People need to toughen up in the dating world. There's no need to be a heartless bitch but ignoring a few messages won't send you to hell.

Do what I do to nickyj and just pretend you've got no credit. =D

If you think people need to toughen up in the dating world then how is ignoring someone acceptable? Just curious. To me that would be more of the weaker approach. I guess i tend to be more straight up with people form the word go. I treat those how i like to be treated.

I don't tend to let guys get the idea they have a chance with me if i am not interested anyways so maybe its all about how the situation is handled from the beginning that should be looked at.
 
I think sometimes people can take pleasure in making people feel like shit about themselves. Sad but true.

"OOOh he likes me what a joke! Look everyone I have an admirer! Ill just cut him down to size and lets all laugh at him and not give a shit about what hurt my actions cause! oh la de fucking da"

Ignoring= gutless.
 
I can see both sides.

It's worth 'talking it out' if you've actually got a reason too; such as you can tell the person desperately needs a response, or you both have traits you like about each other and think you could make good friends.
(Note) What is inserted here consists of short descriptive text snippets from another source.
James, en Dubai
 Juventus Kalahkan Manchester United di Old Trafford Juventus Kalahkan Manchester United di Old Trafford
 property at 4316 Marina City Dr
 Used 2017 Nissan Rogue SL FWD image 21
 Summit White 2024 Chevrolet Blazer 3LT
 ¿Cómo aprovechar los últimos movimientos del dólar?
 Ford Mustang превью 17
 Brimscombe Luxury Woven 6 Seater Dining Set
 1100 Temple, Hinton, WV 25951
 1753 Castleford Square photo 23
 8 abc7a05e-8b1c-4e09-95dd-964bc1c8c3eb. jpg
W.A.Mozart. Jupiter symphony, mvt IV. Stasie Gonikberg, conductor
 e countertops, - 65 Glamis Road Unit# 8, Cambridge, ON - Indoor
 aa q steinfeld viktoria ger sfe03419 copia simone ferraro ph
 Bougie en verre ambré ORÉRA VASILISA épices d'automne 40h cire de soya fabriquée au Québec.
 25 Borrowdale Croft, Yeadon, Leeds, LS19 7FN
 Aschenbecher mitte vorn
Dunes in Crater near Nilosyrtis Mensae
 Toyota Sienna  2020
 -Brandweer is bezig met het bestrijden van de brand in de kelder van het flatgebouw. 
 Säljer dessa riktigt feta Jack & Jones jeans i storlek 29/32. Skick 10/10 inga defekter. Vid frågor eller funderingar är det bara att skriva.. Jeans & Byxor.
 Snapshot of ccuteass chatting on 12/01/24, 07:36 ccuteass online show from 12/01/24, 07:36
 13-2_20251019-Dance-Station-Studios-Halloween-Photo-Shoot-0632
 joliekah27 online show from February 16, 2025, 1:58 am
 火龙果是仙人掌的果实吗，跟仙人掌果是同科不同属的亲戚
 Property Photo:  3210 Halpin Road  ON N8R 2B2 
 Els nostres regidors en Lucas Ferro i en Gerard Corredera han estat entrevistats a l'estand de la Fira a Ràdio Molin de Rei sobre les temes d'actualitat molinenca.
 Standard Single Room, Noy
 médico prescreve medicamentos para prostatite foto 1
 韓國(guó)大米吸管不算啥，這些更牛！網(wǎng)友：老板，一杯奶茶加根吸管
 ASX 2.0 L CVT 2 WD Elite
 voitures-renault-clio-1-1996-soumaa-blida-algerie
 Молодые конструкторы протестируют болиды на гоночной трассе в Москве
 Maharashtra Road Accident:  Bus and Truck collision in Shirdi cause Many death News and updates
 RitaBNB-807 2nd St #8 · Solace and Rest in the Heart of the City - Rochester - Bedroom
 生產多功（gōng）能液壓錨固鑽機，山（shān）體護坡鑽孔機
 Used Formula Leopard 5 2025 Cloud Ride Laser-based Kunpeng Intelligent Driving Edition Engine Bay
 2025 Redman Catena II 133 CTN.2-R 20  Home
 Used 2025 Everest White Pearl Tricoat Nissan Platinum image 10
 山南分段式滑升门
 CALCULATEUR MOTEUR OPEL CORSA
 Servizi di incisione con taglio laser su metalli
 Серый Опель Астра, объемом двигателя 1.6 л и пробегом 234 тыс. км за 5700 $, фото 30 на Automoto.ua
However sometimes it's better to ignore one or two text messages or a phone call, if you just want to pass on the message that you're not interested. In this instance, there's nothing to talk about - and conveniently, someone saves their pride, and you save yourself the awkwardness of it all.

It works out better if you bump into them again this way too. It's much easier to create the impression that nothing happened. Because nothing did happen.

Everyone has a good night :D.
 
^^ Yeah right 8(

In my experience it only serves to create tension when you ignore an admirer who you're likely to see again. If you reply, they no for certain that you're not interested, which is a lot less embarassing than having a drunk somebody march up under the impression the you just missed their call or they mis-typed the number and glue themselves to you for the rest of the night, OR blast you for not calling back (very embarassing when in front of people), OR make intimate attempts in front of somebody you're already there with.

I guess it just comes down to your personality and how comfortable you are with leaving people wondering, possibly hurt/offended by your silence..
 
So if its ok to ignore someone who asks you a direct question- like "would you care to have a drink with me sometime"- UAN and anyone else who feels the same way, why should anyone pay attention to you when the shoe is on the other foot?

Do you like to be ignored?

Somehow I really doubt it. :p
 
Whoa... let's not get too far ahead of ourselves.

We're not assuming the guy who sent us the message is going to be up all night because we didn't respond - we're assuming he sent it rather casually, comfortable and prepared for any outcome.
 
No, that's what you're assuming DG... :) There are far to many variables, unless you all come up with one single hypothetical situation to discuss your opinions.

You're assuming that the person sent it casually, comfortable and prepared for any outcome and that in that situation, it's ok to ignore the contact. Zephyr's point of view is pretty solid, in that she doesn't think it's right to ignore someones request, full-stop.

Personally, i don't like being ignored, and i don't ignore. :) (not with regards to dating, but in any friendship situation)
 
samadhi said:
You're assuming that the person sent it casually, comfortable and prepared for any outcome and that in that situation, it's ok to ignore the contact. Zephyr's point of view is pretty solid, in that she doesn't think it's right to ignore someones request, full-stop.

Well don't you think any feelings he has beyond that are his own responsibility?

Yay / nay?

Regardless, as I said in one of my previous posts, if I were to notice an obvious distress, I'd talk to him.
 
This is hypothetically a guy to whom you made available your personal phone # ?
 
^ Exactly.

You've given a guy your phone number, and then when he calls, you ignore him?

Doesn't make a whole lotta sense to me.